Dernier exemple, le nom de famille : l'Assemblée nationale a prévu d'accoler systématiquement les deux noms pour tous les enfants adoptés.
M. Jean-Jacques Hyest . - Les débats à l'Assemblée nationale me lassent un peu, je ne les suis pas de très près... Très peu de couples hétérosexuels demandent à ce que l'enfant porte le nom des deux parents ! Ce serait extraordinaire d'imposer une telle règle à tous.
L'UNAF a accompli un beau travail juridique. Reste un problème : la France ne connaît pas de contrôle de conventionnalité a priori . Or le texte, tel qu'il va sortir de l'Assemblée nationale, n'est pas, à mon sens, conforme à nos engagements internationaux, notamment à la convention de New York sur les droits des enfants et, même, à la convention européenne des droits de l'homme.
Mme Guillemette Leneveu, directrice générale de l'UNAF . - En l'état actuel du texte, les deux noms des parents seraient donnés par défaut à tous les enfants. Auparavant, l'enfant héritait par défaut du nom du père.
Mme Catherine Tasca . - Le psychanalyste Serge Tisseron suggère de distinguer le document qui établit le mariage de celui qui établit la filiation. Qu'en pensez-vous ?
Mme Michelle Meunier , rapporteure pour avis . - Les enfants placés en famille d'accueil tissent souvent des liens très forts avec celle-ci et sont parfois adoptés par elles. Qu'est-ce qui fait famille pour l'UNAF ?
En ce qui concerne le nom, 99 % des femmes mariées prennent le nom de leur époux, même si ce n'est pas mon cas personnel !
M. Jean-Pierre Michel , rapporteur . -- Ce n'est qu'un usage bourgeois hérité du XIX e siècle. En droit, les femmes conservent leur nom.
M. François Fondard . - Qu'est-ce qui fait famille ? Cela renvoie aux problématiques des 2 % d'enfants qui font l'objet de mesures de placement et de délégation de l'autorité parentale. Nous en reparlerons lors du projet de loi sur la famille. L'autorité parentale, renforcée dans la loi de 2002, est un élément fondamental. Elle ne doit pas être remise en cause par la création d'un statut de beau-parent.
Mme Guillemette Leneveu . - L'article de Serge Tisseron confirme notre analyse : cette réforme va bien au-delà du mariage ; c'est pour cela que l'UNAF préconise l'union civile, qui évite des modifications trop importantes.

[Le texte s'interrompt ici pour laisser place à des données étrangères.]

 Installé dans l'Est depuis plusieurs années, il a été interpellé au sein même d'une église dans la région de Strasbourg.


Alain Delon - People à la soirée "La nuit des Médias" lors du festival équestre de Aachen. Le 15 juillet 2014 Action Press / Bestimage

M. François Edouard . - Qu'est-ce qui fait famille ? A l'évidence, l'arrivée de l'enfant dans le couple. Cette famille va évoluer ; généralement, les géniteurs élèvent l'enfant, mais les aléas de la vie font que ce n'est pas toujours le cas. Ceux qui les élèvent peuvent leur donner tout leur amour : les enfants sont néanmoins toujours curieux de leurs origines, ils en ont besoin pour se construire. Raison pour laquelle l'UNAF préfère l'adoption simple pour ne pas gommer les origines de l'enfant.
Le psychiatre M. Lévy-Soussan le dit bien, un enfant ne peut pas avoir deux mères ; il a une mère et la compagne de sa mère. Au reste, il a demandé à une femme élevée par deux femmes chez qui elle était allée habiter après la séparation du couple ; elle a répondu spontanément : « Chez maman » ! C'est pour cela qu'il n'est pas anodin de supprimer les mentions de père et de mère dans l'état civil.